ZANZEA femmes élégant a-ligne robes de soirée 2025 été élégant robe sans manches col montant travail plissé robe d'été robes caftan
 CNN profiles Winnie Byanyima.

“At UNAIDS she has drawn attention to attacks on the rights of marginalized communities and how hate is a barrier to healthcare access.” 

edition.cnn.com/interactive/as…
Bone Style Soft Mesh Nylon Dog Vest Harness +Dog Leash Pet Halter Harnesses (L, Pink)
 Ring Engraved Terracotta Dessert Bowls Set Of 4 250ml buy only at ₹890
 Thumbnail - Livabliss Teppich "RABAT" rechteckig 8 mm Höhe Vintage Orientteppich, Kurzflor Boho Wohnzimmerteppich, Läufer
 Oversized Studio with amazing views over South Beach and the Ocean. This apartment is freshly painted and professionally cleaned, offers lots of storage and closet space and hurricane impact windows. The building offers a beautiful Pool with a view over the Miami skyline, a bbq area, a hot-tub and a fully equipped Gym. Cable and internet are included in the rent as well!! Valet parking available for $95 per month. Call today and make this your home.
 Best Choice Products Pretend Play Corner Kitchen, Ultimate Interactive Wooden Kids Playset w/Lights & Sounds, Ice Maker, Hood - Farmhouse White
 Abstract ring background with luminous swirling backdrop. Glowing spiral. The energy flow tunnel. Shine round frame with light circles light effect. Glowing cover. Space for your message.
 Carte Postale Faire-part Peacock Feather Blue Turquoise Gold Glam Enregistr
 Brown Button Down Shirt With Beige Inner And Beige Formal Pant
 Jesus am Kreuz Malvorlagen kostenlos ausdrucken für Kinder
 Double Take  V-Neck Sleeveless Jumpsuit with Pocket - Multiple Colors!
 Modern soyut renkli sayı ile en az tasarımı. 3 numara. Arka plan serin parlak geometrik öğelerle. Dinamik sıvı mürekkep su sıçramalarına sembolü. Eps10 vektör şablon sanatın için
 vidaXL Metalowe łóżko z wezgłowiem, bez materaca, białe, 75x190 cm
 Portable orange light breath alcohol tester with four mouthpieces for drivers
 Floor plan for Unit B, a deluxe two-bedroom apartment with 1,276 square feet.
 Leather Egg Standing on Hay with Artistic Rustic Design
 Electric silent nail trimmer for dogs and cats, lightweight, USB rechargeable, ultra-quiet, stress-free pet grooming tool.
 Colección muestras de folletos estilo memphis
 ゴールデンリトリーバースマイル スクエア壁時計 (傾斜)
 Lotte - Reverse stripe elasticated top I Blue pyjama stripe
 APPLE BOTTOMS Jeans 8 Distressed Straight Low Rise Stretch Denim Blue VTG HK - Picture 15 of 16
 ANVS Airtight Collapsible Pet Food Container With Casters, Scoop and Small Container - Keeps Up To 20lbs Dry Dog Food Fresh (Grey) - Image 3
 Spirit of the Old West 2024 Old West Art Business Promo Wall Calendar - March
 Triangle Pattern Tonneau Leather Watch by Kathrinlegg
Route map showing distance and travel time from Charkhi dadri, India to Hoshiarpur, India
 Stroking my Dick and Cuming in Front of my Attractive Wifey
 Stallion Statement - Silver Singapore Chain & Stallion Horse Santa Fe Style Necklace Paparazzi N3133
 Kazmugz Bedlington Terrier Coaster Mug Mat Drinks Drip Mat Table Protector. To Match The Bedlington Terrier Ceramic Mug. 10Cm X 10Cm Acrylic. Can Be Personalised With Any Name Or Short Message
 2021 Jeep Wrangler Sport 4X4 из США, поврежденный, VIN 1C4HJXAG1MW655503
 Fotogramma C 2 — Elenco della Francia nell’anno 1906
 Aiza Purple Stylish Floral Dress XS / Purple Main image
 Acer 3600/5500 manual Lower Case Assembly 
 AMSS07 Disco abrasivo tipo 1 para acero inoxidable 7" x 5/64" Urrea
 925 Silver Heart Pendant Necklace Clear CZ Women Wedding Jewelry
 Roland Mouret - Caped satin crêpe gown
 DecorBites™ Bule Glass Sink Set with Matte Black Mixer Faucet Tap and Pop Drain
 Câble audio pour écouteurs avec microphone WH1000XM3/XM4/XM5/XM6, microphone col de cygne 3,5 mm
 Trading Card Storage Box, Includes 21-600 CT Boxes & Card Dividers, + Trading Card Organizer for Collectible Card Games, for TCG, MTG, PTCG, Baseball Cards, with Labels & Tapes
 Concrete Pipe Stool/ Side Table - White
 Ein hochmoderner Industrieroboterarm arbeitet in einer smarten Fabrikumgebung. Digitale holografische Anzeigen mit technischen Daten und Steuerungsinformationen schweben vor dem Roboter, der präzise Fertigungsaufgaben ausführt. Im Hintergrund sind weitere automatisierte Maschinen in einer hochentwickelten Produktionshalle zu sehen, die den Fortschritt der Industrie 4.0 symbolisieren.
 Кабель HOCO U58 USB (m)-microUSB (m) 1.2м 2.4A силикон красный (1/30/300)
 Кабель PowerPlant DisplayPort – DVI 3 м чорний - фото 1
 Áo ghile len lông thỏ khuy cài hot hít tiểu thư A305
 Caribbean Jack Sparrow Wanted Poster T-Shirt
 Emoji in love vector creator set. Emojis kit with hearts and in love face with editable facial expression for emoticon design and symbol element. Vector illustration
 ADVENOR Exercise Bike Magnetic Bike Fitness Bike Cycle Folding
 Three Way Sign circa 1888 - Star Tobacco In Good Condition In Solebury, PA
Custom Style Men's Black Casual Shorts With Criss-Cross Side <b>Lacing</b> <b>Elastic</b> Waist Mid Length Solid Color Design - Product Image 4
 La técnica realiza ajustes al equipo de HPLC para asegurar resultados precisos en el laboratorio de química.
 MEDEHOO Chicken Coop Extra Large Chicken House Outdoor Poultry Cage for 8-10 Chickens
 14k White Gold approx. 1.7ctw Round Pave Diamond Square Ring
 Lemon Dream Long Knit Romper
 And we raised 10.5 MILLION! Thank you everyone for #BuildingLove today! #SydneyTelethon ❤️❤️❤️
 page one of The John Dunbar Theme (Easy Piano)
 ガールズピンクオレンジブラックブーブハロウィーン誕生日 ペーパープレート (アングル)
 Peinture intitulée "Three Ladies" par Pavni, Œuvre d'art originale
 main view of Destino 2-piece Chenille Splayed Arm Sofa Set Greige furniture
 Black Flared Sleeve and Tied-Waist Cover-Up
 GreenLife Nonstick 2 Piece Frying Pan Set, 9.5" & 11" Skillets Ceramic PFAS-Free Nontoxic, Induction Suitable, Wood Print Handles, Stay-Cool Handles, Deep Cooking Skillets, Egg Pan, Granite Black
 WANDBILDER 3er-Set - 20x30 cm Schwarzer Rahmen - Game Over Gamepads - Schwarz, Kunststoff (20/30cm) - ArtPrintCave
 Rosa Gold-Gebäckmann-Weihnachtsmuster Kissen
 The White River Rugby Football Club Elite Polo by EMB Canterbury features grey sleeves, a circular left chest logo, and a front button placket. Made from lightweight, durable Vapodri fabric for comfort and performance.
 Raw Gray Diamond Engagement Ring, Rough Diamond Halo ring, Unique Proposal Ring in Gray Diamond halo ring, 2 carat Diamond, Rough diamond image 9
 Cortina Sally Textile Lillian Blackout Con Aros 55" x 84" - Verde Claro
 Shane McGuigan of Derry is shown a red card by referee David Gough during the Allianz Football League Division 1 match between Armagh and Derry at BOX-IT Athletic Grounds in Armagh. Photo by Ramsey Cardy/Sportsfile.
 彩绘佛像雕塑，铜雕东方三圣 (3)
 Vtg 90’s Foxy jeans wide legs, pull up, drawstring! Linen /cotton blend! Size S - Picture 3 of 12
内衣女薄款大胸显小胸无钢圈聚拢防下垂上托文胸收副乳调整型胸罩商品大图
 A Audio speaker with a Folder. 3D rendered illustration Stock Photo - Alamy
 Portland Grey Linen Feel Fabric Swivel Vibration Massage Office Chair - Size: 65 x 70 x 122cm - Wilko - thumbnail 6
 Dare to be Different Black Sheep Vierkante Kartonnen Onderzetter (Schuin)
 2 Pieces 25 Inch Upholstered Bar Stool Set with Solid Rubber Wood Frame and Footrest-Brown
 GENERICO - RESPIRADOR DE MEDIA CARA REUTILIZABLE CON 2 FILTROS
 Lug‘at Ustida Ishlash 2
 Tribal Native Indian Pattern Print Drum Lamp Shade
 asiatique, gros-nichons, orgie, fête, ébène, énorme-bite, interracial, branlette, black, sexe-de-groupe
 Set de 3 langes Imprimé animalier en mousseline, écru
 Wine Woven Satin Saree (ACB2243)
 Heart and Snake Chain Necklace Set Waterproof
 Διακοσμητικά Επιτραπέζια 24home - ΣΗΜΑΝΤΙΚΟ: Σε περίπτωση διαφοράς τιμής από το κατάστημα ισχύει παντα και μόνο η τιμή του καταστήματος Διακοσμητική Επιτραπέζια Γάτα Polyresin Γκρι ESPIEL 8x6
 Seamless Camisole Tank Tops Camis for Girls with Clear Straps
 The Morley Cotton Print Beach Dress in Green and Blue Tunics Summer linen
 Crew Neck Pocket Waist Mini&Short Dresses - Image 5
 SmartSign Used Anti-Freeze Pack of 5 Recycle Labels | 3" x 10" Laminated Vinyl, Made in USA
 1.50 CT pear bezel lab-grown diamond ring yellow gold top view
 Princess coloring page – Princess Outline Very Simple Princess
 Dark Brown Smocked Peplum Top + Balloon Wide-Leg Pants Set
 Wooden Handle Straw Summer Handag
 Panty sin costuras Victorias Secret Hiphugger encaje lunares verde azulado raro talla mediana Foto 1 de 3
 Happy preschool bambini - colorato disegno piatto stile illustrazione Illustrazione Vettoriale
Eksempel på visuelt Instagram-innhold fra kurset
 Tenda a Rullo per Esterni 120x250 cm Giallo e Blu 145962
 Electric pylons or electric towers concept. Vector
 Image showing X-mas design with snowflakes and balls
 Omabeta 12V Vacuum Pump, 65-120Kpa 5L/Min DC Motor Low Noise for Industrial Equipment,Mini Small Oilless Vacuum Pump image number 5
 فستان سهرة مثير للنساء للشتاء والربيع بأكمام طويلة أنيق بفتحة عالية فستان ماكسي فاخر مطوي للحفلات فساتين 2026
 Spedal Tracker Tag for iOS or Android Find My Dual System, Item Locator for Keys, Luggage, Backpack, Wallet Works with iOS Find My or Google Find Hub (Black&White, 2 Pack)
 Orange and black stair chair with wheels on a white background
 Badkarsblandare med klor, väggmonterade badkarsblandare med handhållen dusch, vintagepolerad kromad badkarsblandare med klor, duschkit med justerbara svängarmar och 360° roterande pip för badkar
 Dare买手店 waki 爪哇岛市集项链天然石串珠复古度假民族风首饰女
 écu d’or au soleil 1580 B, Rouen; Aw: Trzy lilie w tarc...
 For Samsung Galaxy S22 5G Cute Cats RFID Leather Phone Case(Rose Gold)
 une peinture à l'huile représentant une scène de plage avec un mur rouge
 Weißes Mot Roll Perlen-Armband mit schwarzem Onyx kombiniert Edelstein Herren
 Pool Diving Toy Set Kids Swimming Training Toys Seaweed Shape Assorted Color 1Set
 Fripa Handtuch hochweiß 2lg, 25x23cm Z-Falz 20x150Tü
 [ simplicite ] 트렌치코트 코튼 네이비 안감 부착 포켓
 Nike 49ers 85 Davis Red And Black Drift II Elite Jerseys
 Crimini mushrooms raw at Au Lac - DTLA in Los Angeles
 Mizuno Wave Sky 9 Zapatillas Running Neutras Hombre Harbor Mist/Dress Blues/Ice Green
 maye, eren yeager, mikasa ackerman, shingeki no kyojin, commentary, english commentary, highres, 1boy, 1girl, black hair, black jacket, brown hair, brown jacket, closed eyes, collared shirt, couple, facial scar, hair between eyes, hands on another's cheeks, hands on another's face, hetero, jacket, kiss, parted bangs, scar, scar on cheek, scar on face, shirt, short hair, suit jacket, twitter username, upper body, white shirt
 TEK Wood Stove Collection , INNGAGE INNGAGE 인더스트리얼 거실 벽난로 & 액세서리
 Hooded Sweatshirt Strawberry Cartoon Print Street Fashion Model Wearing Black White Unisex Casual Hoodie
....
Looking back over the data above, restate word for word the lines that begin at the line with "And we raised" and end at the line with "GreenLife Nonstick 2", inclusive.

 And we raised 10.5 MILLION! Thank you everyone for #BuildingLove today! #SydneyTelethon ❤️❤️❤️
 page one of The John Dunbar Theme (Easy Piano)
 ガールズピンクオレンジブラックブーブハロウィーン誕生日 ペーパープレート (アングル)
 Peinture intitulée "Three Ladies" par Pavni, Œuvre d'art originale
 main view of Destino 2-piece Chenille Splayed Arm Sofa Set Greige furniture
 Black Flared Sleeve and Tied-Waist Cover-Up
 GreenLife Nonstick 2 Piece Frying Pan Set, 9.5" & 11" Skillets Ceramic PFAS-Free Nontoxic, Induction Suitable, Wood Print Handles, Stay-Cool Handles, Deep Cooking Skillets, Egg Pan, Granite Black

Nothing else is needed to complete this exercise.